Bunun böyle olmasının en önemli nedeni, komünist ütopyanın imkansızlığı değil, tarihsel özne olarak işçi sınıfının “başka bir dünya” kurmaya dönük “yaratıcı yıkıcılığı” devreye girmeden büyük bir toplumsal dönüşümün imkansız oluşu.

O tarihsel öznenin başkasını kurmaya dönük “yaratıcı yıkıcılığının” en önemli adımı ise, krizin yarattığı ya da yaratacağı tepkilerin toplumsal bir programa yaslanabilmesi, bir alternatif haline gelebilmesi.

Bu toplumsal programın bugün itibarıyla en önemli ve güncel maddesi sağlığa ayrılan bütçenin artması ve sağlık hizmetlerinin kamusallaştırılması. Alanda örgütlü bulunan sendikaların ve meslek örgütlerinin katılımı ve denetimiyle.

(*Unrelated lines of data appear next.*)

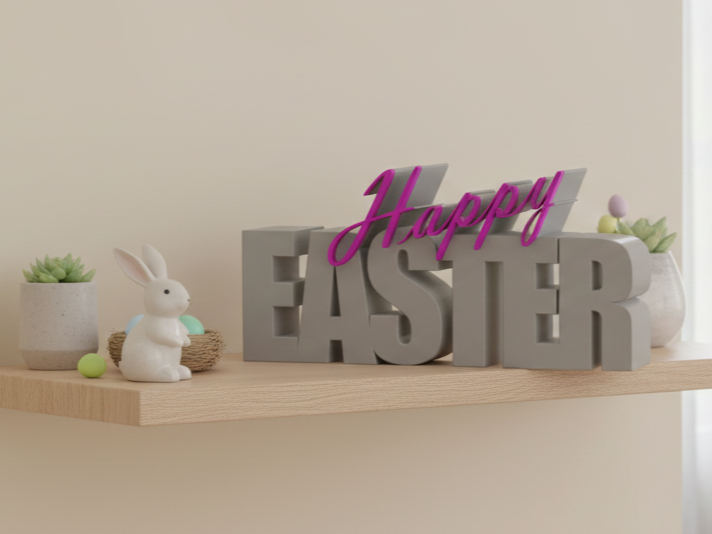 Schriftzug Easterdecor Happy Easter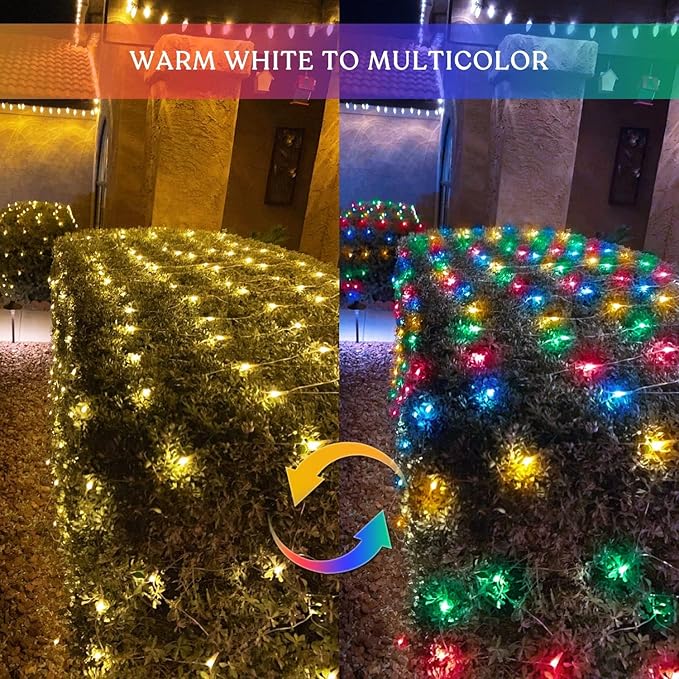 JMEXSUSS 360 LED Net Christmas Lights 12ft x 5ft Warm White &amp Multicolor 11 Modes Bush Lights Waterproof Connectable for Christmas Patio Garden Indoor Outdoor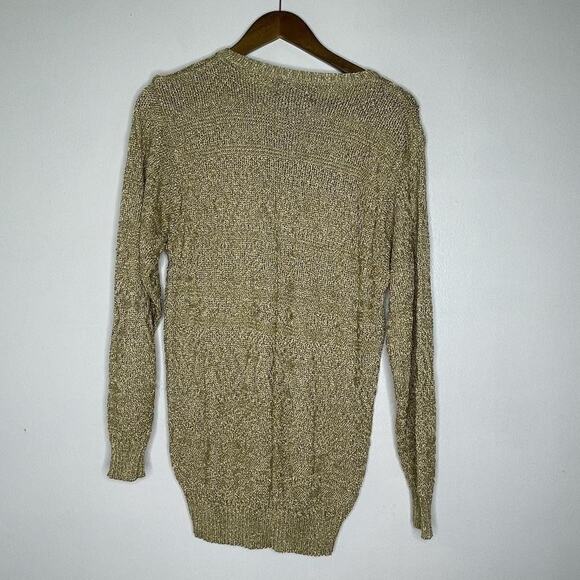 Ralph Lauren Sweater Womens Medium Gold Metallic Rayon Knit Pullover Crewneck - Picture 4 of 6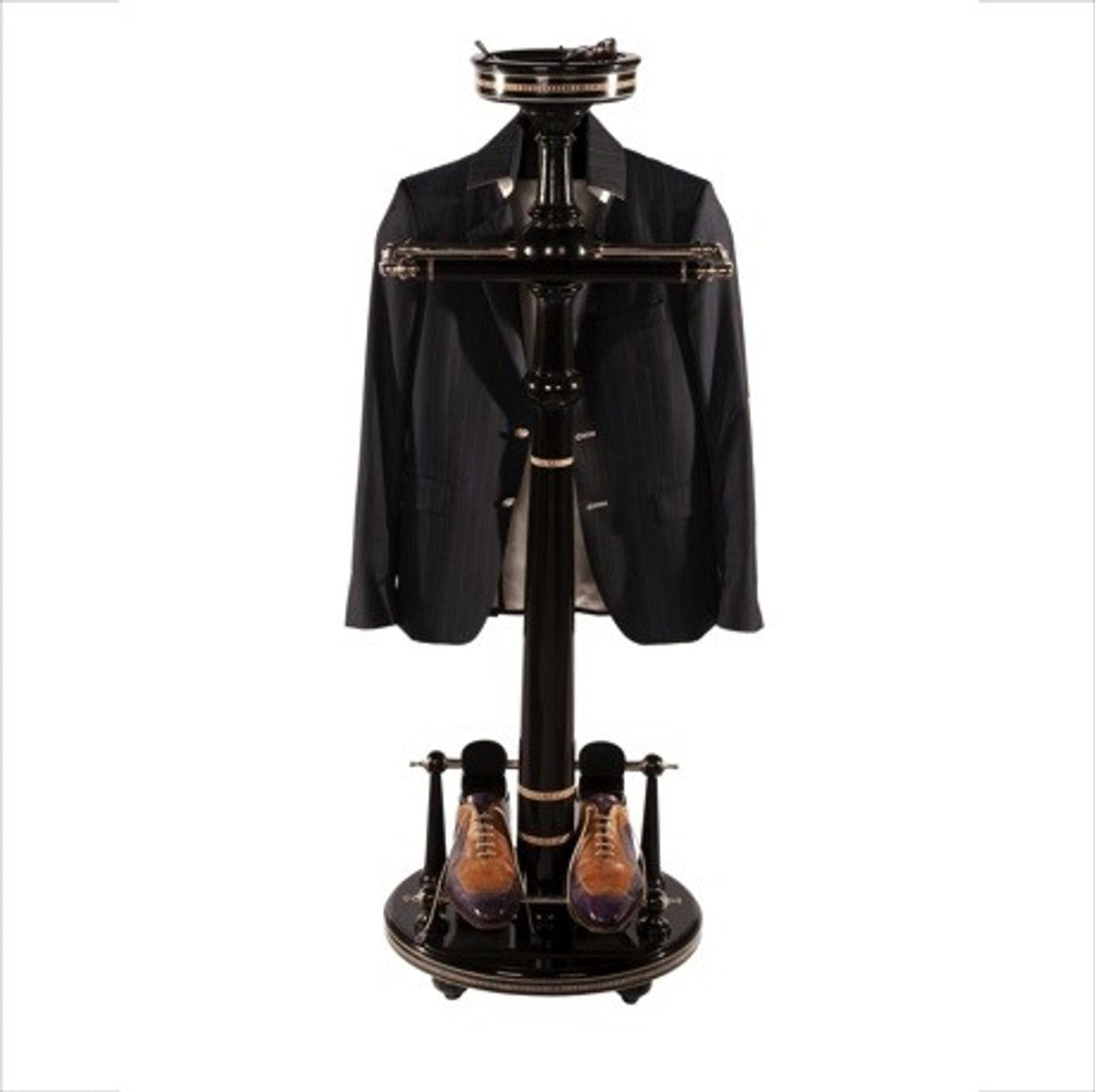 Designer Luxus Garderoben Ständer New York Banker Stil - Schwarz- Dressboy - Kleiderständer Anzugständer - Barock Empire Art Deco Jugendstil Biedermeier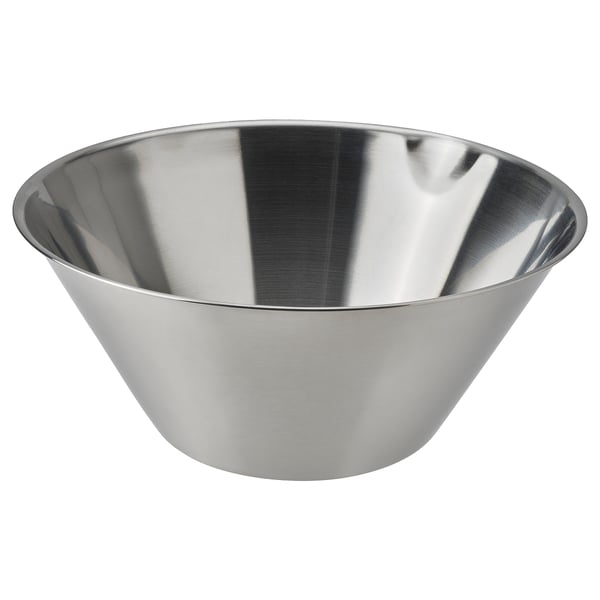 Stainless steel VARDAGEN mixing bowl, 4l, silver, round, smooth sides, spout for pouring.
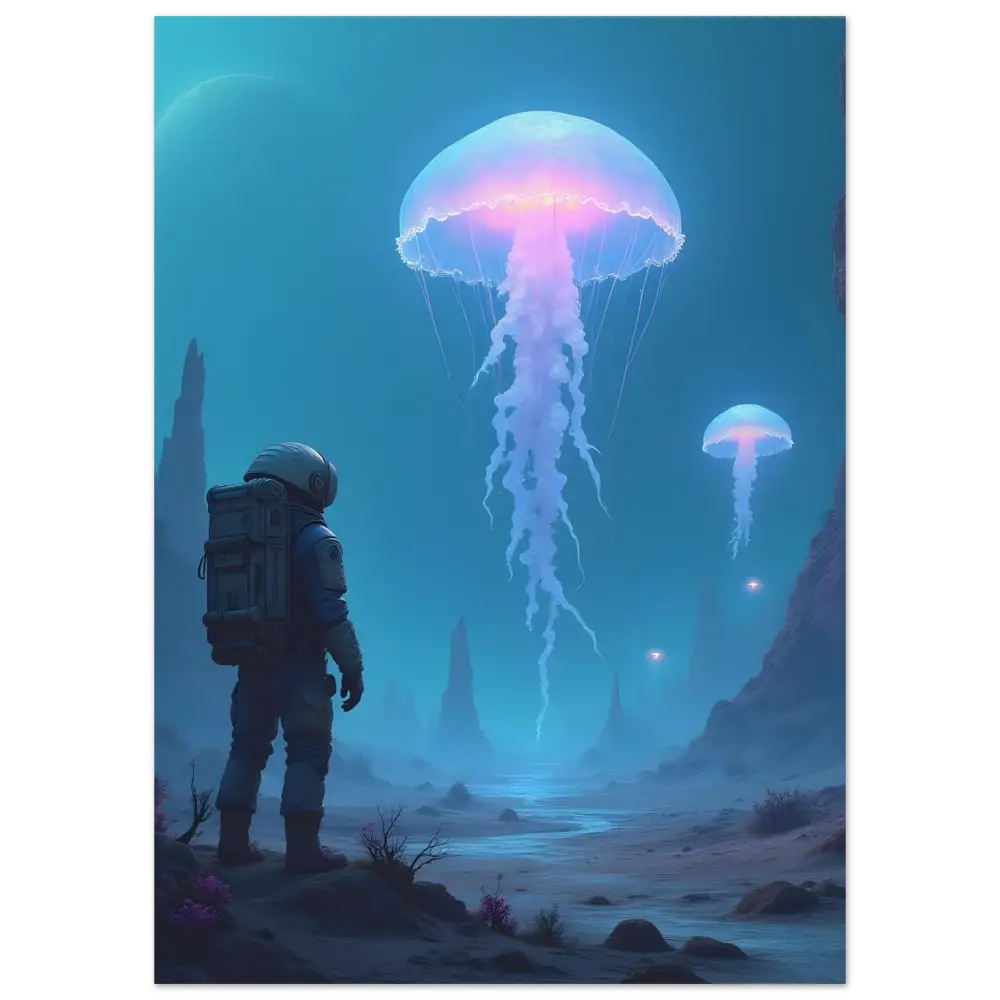 Astronaut observing bioluminescent jellyfish on PixiOnyx Sci-Fi Jellyfish Panel aluminum wall art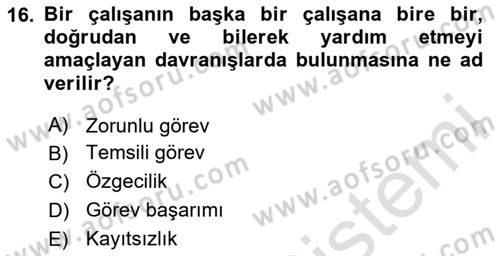 Örgütsel Davranış Dersi 2025 - 2026 Yılı (Final) Dönem Sonu Sınav Soruları 16. Soru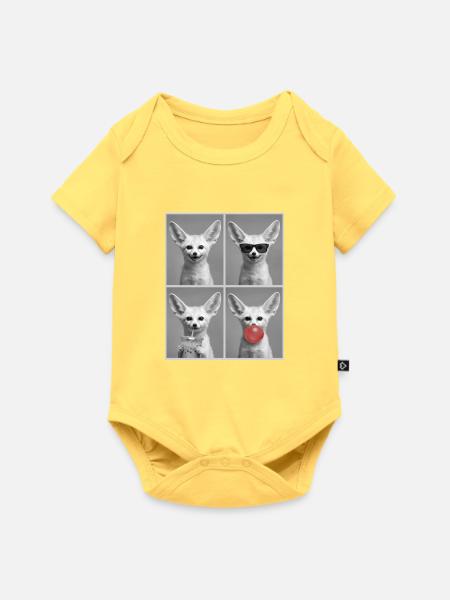 Wüstenfuchs Fennek - Baby Premium Kurzarmbody - Pastellgelb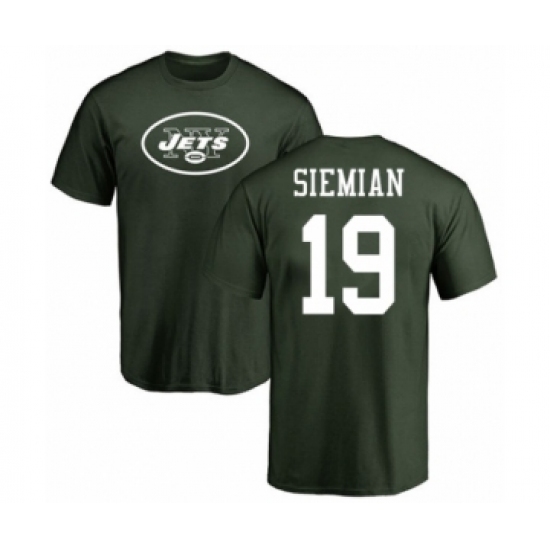 Football New York Jets #19 Trevor Siemian Green Name & Number Logo T-Shirt - Ujersey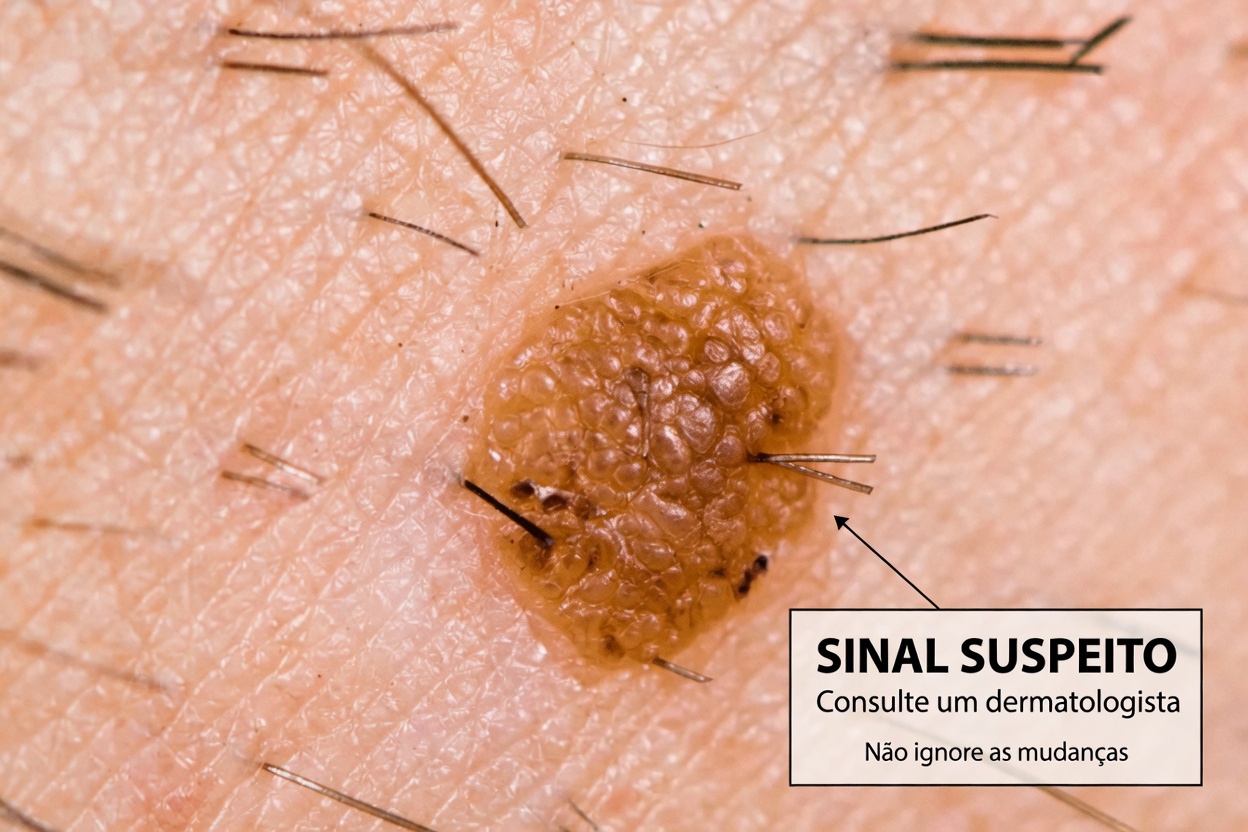 O que são essas protuberâncias escuras e cerosas no pescoço do vovô — e por que coçam?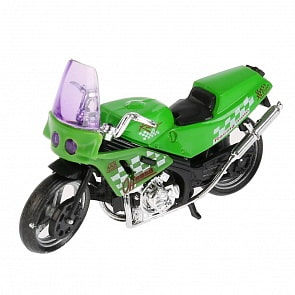 Мотоцикл 9,5 см, вращается руль, металлический (Технопарк, 1785088-R1) (ассортимент)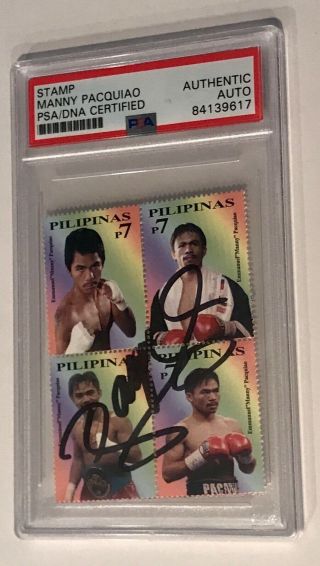 4 Stamp Panel Manny Pacquiao Pacman Signed Trading Card Psa/dna Slabbed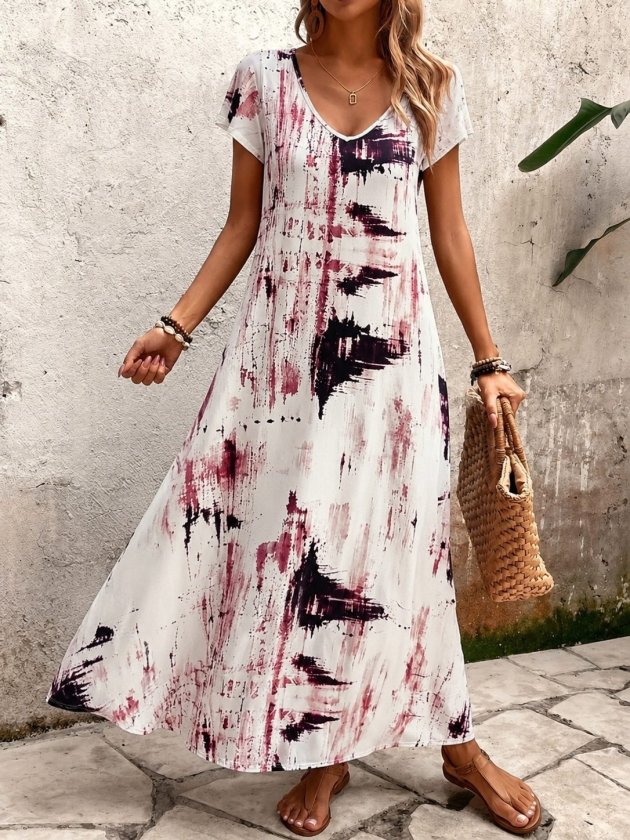 Rochie lungă cu mâneci scurte, guler V, cu model, jersey, 37506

Sağlık hizmetlerinin kamulaştırılması talebi etrafında (şimdilik sosyal izolasyon kurallarına göre ve internet üzerinden) örgütlenecek böylesi bir kampanya yalnızca “demokratik ve sosyal cumhuriyet” programına doğru atılan bir adımı oluşturmayacak, aynı zamanda, “sosyal izolasyon” günlerinde “sosyalizasyonu”/“toplumsallaştırmayı” yeniden geniş toplum kesimlerinin gündemine sokarak, umut havası yaratacaktır.

Denemeğe değer.

(1) Bu konuda şu çalışmaya bakılabilir: Tolga Tören, Yeni Güney Afrika: Kararan Kapitalizm, SAV,2014.